December Dollar Index
With the Daily Sentiment Index at 90/93% bulls over the past week there is also a fair chance that we have now seen at least a temporary top for the US Dollar. It is only a matter of time before we get a tweet from President Trump complaining about the strong Dollar as no country wants this scenario of having a strong currency (apart from Germany). Today I will now lower my sell level to 97.20/97.60 with a 98.05 stop.
December DAX
The DAX is holding in well despite the aggressive sell-off witnessed in the US Markets this week. I am still flat and today I will now raise my buy level to 11250/11320 with a 11185 stop.
December FTSE
Unfortunately the FTSE just missed my buy level before rallying on the Cabinet agreement and I am still flat.
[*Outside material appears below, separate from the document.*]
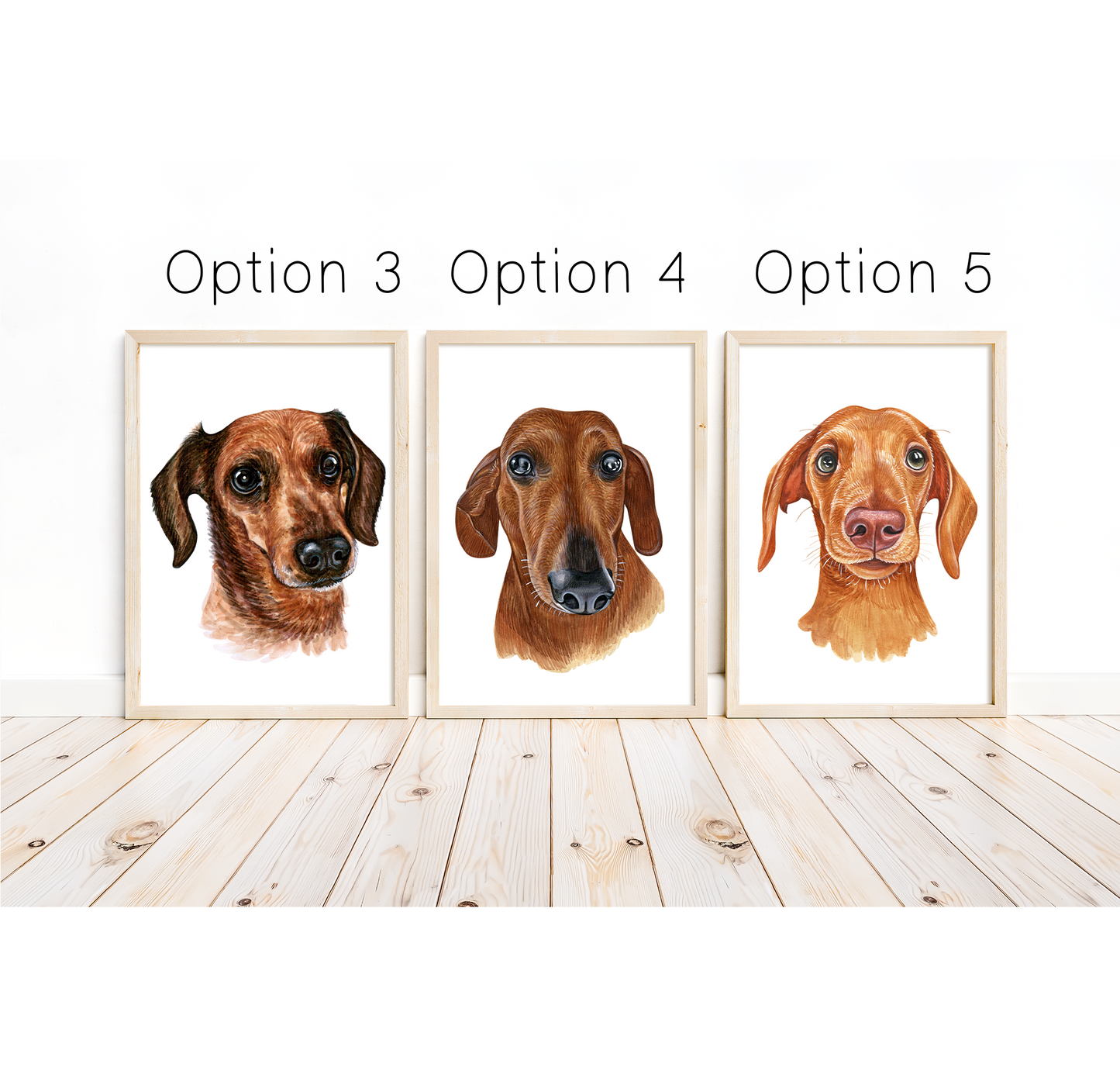Dachshund artwork - charming dog or puppy portrait with custom funny or heart warming message | A4 | A5 | Greeting card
Today I will now raise my buy level to 6945/6990 with a 6915 tight stop. I still do not want to be short the FTSE at this time.
Dow Rolling Contract
My Dow plan worked well with the market trading lower to my 25120 buy level before rallying to my 25205 T/P level and I am now flat. The Dow has really strong support from 24250/24550 and we may see a test of this support over the coming days. However as we enter the seasonally strong period for the Dow I am reluctant to chase this market lower. Today I will be a buyer on any dip lower to 24760/24900 with a 24685 stop. If I am taken long and subsequently stopped out of this position I will be an aggressive buyer from 24300/24580 with a 24180 wider stop. I still do not want to be short the Dow at this time.
December NASDAQ
The NASDAQ just missed my 6960 sell level with a 6929 high print and I am still flat. Today I will leave my buy level unchanged from 6650/6710 with a 6610 stop. I will now lower my sell level slightly to 6925/6980 with a lower 7035 stop.
December BUND
The boring price action for the Bund continues and I am still flat. My only interest in selling this market is still on a rally higher to 160.80/161.30 with the same 161.70 stop.
Gold Rolling Contract
Having traded heavy for most of yesterday suddenly late in the afternoon Gold spiked higher. This move higher saw Gold hit my exit level on my 1209 long position for a breakeven and I am now flat. With the DSI closing on Wednesday at just 7% bulls which is just above the 6% August low on the day that Gold made a low of 1160 that has held for the past three months, there is a fair chance that we may have seen the low in Gold this week at 1195. Today I will now look to buy the market again on any dip lower to 1193/1203 with a 1186 stop.
Silver Rolling Contract
Silver continues to struggle with the market making a new low for the year at 13.87 yesterday before having a small rally. I am still long at 14.20 and I will now raise my T/P level on this position to 14.35 with a now higher 13.75 stop. If any of the above levels are hit I will be back with a new update for my Platinum Members.